No fim da fala, a ministra Cármen Lúcia questionou: “Por que vossa senhoria – eu copiei aqui cinco vezes – diz que o réu – neste caso, o cliente de vossa senhoria – 'estava atuando para demover o presidente da República'? Demover de quê? Porque até agora todo mundo diz que ninguém pensou nada...”
O advogado respondeu: “Demover de adotar qualquer medida de exceção. Atuou ativamente, e é a prova dos autos”.
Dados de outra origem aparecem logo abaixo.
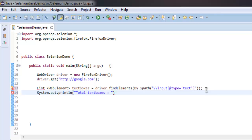Give some space and type in textBoxes.size. We are going to find the number of text boxes within that list by using the size method.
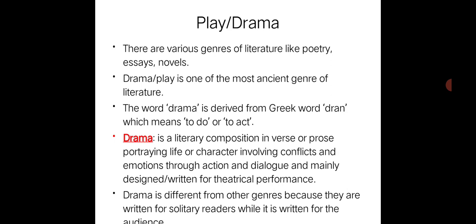Drama is mainly designed and written for theatrical performance. Drama is different from other genres because other genres are written for solitary readers, while drama is written for the audience.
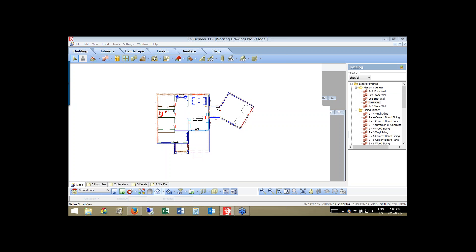During our time together, we're going to talk about dimensioning and adding text to our drawing. We're going to develop the elevations, the sections, some details, the floor plans, and discuss all the various tools that you can use to add further detail to them once you have them on a working drawing sheet.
A Procuradoria-Geral da República (PGR) aponta Paulo Sérgio como figura central no fim do governo Bolsonaro. Segundo a denúncia, ele teria apresentado uma minuta de decreto golpista em reunião com os comandantes das Forças Armadas, em 14 de dezembro de 2022, e alimentado a narrativa de fraude ao divulgar nota do Ministério da Defesa contra o sistema eletrônico de votação.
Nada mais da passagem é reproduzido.